We deliciously tolerated having mackerel heads spat at us by a bleach-blond girl in flippers, or getting splashed when the rotund, hairy Archaos chef, Jean-Pierre Venet disrobed and showered in close proximity.
We accepted the strait-jacketed fugitive pursued through the bleachers by a chainsaw-wielding lover before being hauled into a wire cage. We allowed a young woman in a leopard-skin leotard to be plucked from our midst and decapitated, her twitching head pressed to a skinhead’s groin.
When one contemporary critic asserted that “Order, in fact, comes out of Archaos,” he was referring to the fact that the circus’s anarchic apparent recklessness belied the professional discipline which such a performance requires.

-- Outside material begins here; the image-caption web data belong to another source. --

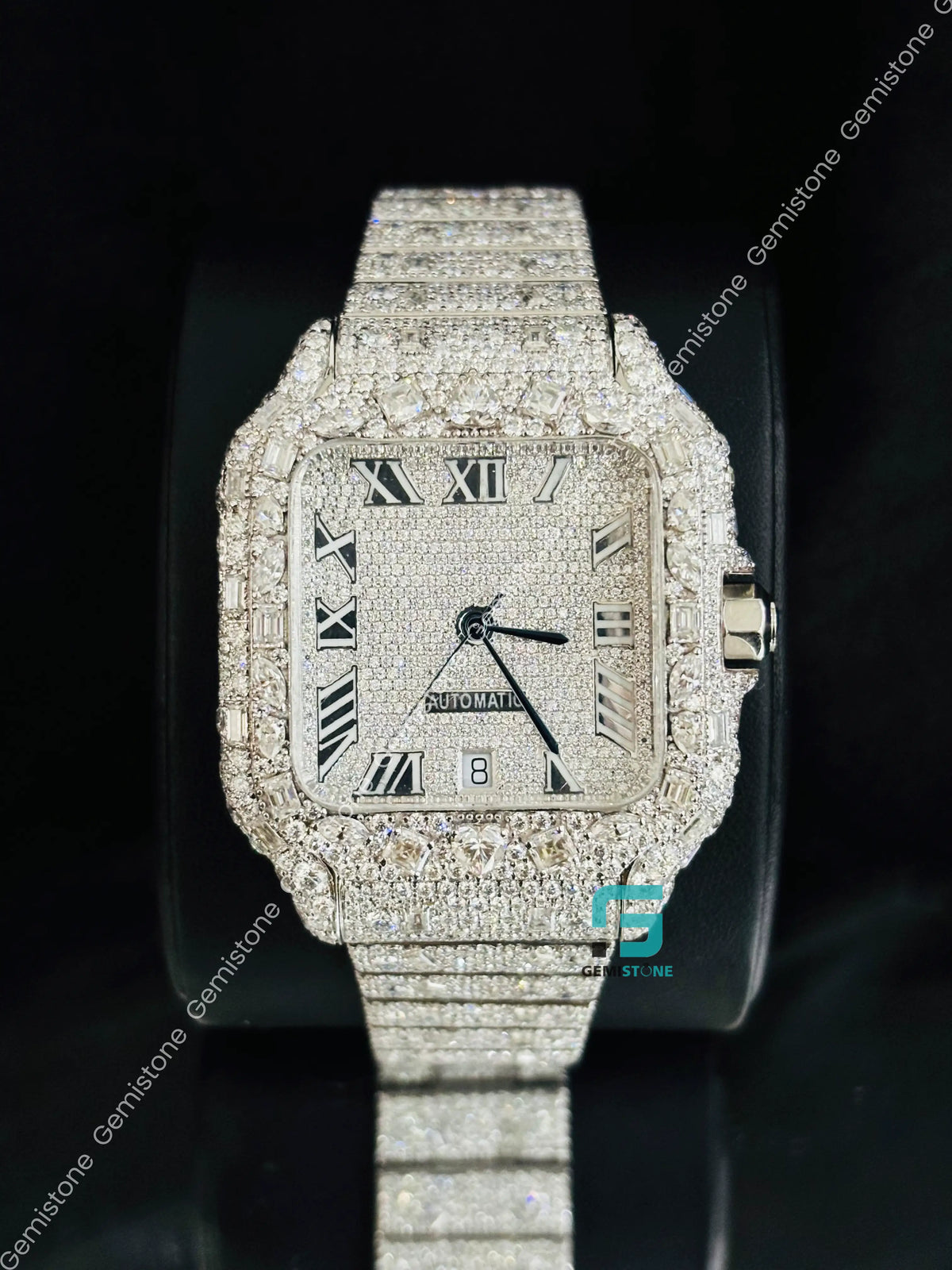 Fully Iced Out Roman Number Moissanite Multi Shape Watch
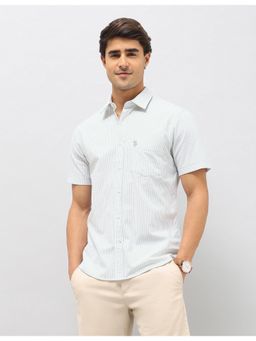 U.S. POLO ASSN. - Mens Vertical Stripes Oxford Green Casual Shirt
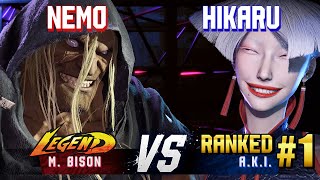 SF6 ▰ NEMO (M.Bison) vs HIKARU (#1 Ranked A.K.I.) ▰ High Level Gameplay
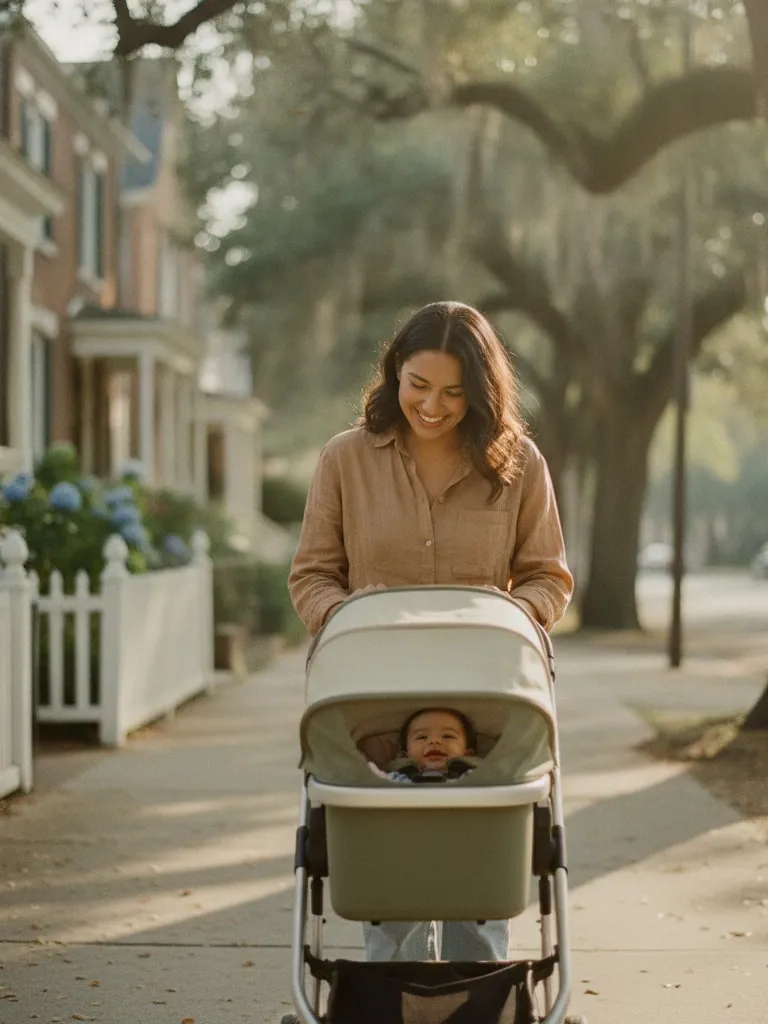 Representative image: a young mother smiles at her baby as she pushes a stroller down a sidewalk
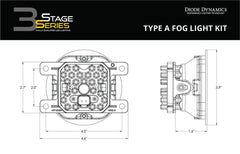 Diode Dynamics SS3 Pro Type A 6000K Yellow LED SAE Fog Light Kit 5,796 LM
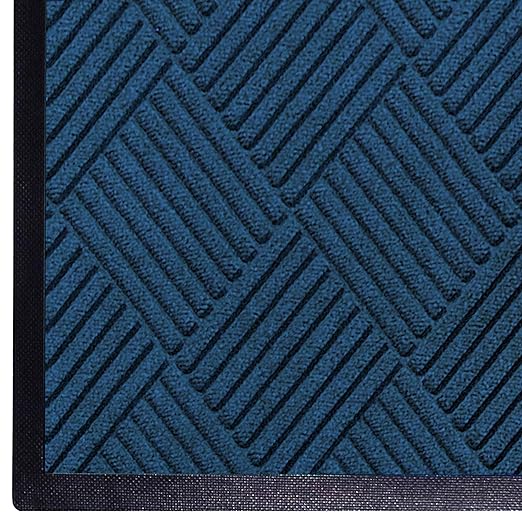 M+A Matting WaterHog Diamond | Commercial-Grade Entrance Mat with Rubber Border – Indoor/Outdoor, Quick Drying, Stain Resistant Door Mat (Navy, 4' x 8')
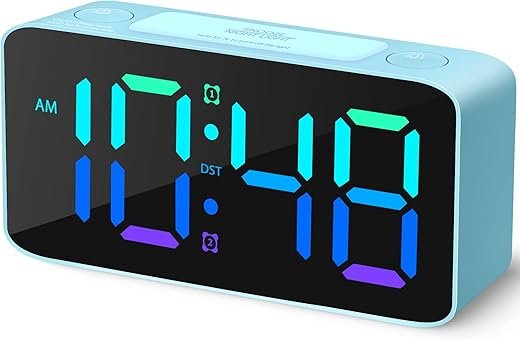 Cadmos Loud Alarm Clock for Heavy Sleepers Adults,Digital Clock with 7 Color NightLight,Adjustable Volume,USB Charger,Small Clocks for Bedrooms Bedside,ok to Wake for Kids,Teens (Blue+RGB)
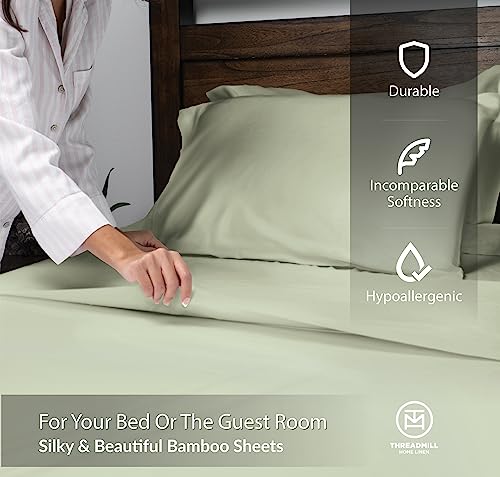 Image of Threadmill 300 TC Viscose Made from Bamboo Cal King Sheet Set, Sage Green | 16 inch Deep Pocket, Cooling Sheet, Breathable, Lightweight, OEKO-TEX Certified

Archaos’s charismatic founder and father figure, Pierrot Bidon, passed away in 2010 and many of its performers died tragically young. I often find myself thinking about how our world still needs Archaos: a company that was simultaneously dirty, bonkers, inspired, brave, difficult, ambitious, spectacular, wild, loving and angry.
About the author:
Roberta Mock is Professor of Performance Studies and Director of the Graduate School at Plymouth University. Her essay, “When the Future Was Now: Archaos within a Theatre Tradition,” first published in 1994, was recently included in The Routledge Circus Studies Reader, edited by Peta Tait and Katie Lavers (Routledge, 2016).
Good morning Roberta
Lovely words …
We made an online archive to collect our memories, images and film….I hope you enjoy it.
cheers
Mischa (Bouinax)
p.s. http://archaos.info/index.aspx
Good to read this..running the touring box office meant I never saw a show the whole way through but in installments! Love the last para especially. It’s a shame we have less touring tent shows now that new circus happens in theatre spaces. That temporary space pitching up has a different energy & transforms audiences differently.